Le texte d’intention du séminaire suggérait de centrer ces interrogations sur quatre grands domaines : celui qui avait été appelé la spatialité matricielle, l’espace assurant dans le langage la scénographie première du sens ; celui, ensuite, de la spatialité perceptive, concernant aussi bien les problèmes de cohésion et de fragmentation dans l’aperception que celui des relations de dépendance soumis à la rection du sujet sensible (à travers la question du point de vue par exemple) ou ceux, plus généralement, des modalités sensorielles de la saisie de l’espace sur un horizon sémio-phénoménologique ; puis, en troisième lieu, la question de la spatialité sémantisée, entre figuralité des traits, iconicité, figurativité et thématisation spatiales, avec en particulier cette question laissée en suspens des objets vagues, sans bords, comme les nuages, les halos, les reflets, les atmosphères et les « climats » ; et enfin, quatrième question, celle de la spatialité narrativisée et passionnée, peut-être transversale aux précédentes, qui concernait un domaine mieux balisé par les sémioticiens et qu’on peut résumer par le mot de clôture de Cl. Zilberberg : « Le syntagme ‘espace thymique’ apparaît, strictement mesuré, comme un pléonasme. » Question transversale et donc « matricielle » si on se réfère à l’affirmation de Cassirer : « Tout ce qui possède un sens s’enracine dans la couche de l’affect et de l’excitation sensible, et s’y ramène. »

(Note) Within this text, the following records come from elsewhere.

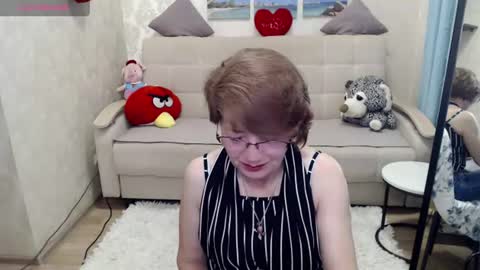 Snapshot of hot_woman00 chatting on 06-23-26, 05:00 hot_woman00 online show from 06-23-26, 05:00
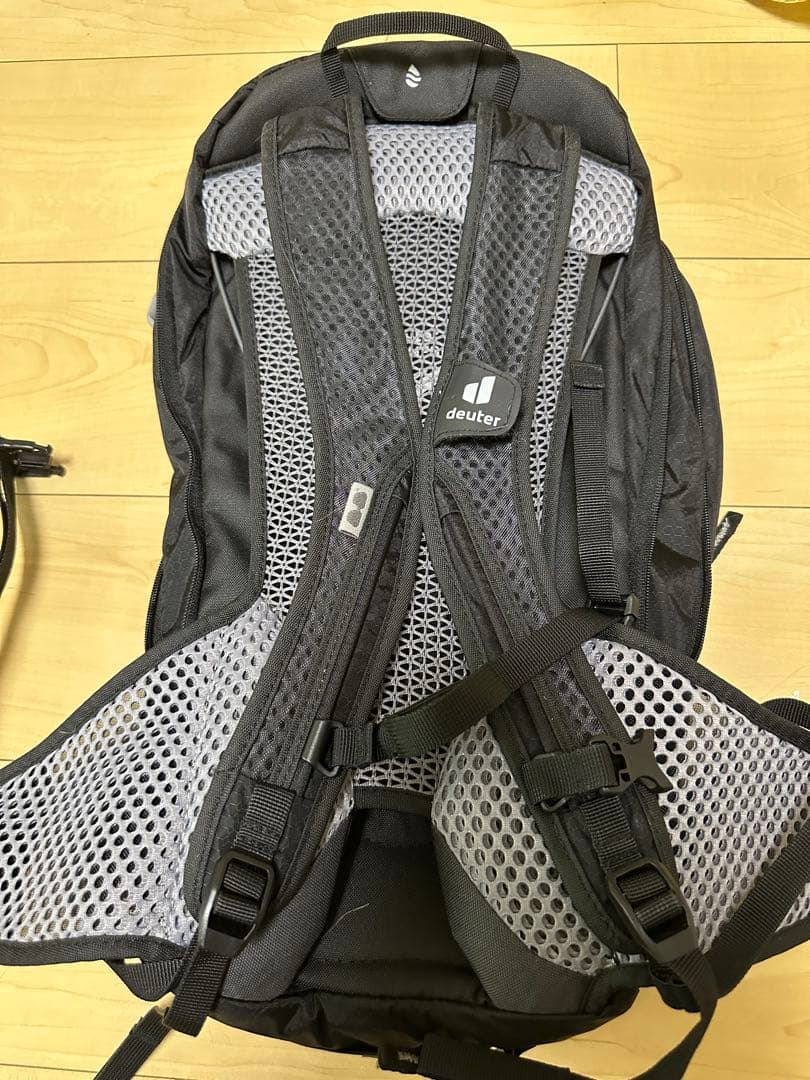 deuter RACE EXP AIR 14+3 バックパック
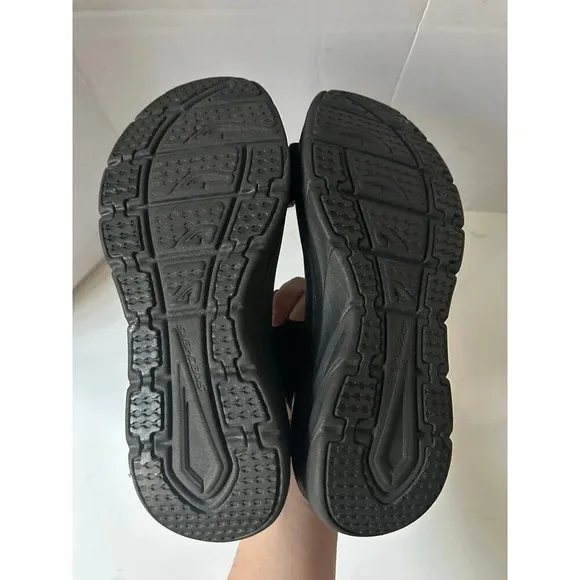 Skechers D'Lux Walker Sandals black size 8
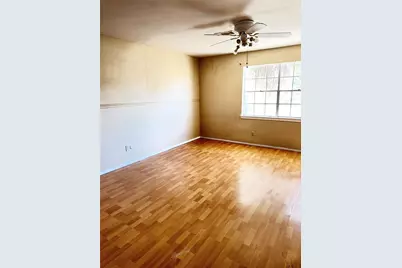 7818 Grove Ridge Drive, Houston, TX 77061 - Photo 5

Avec le recul, ces quatre directions esquissées apparaissaient comme un programme : on pourrait les lire en effet, l’une à la suite de l’autre, comme un parcours ordonné de saisie et d’appropriation de l’espace par le sujet. Mais là n’était pas le projet. Il ne s’agissait que d’une liste ouverte contenant des concepts, ou de thématisations suggérant des lieux particuliers de questionnement pour une problématique d’ensemble. Et on ne saurait les retenir, tels quels, pour rendre compte de ce qu’on peut considérer comme des avancées sémiotiques dans un champ déjà si profondément labouré. Ces avancées sont ici regroupées sous quatre titres de problèmes : (1) la mise en question de l’évidence de la spatialité, (2) les hypothèses d’une générativité pour une saisie articulée de l’espace, (3) la flexibilité et l’instabilité de l’espace comme signification, (4) l’interdéfinition de l’espace et de l’actantialité.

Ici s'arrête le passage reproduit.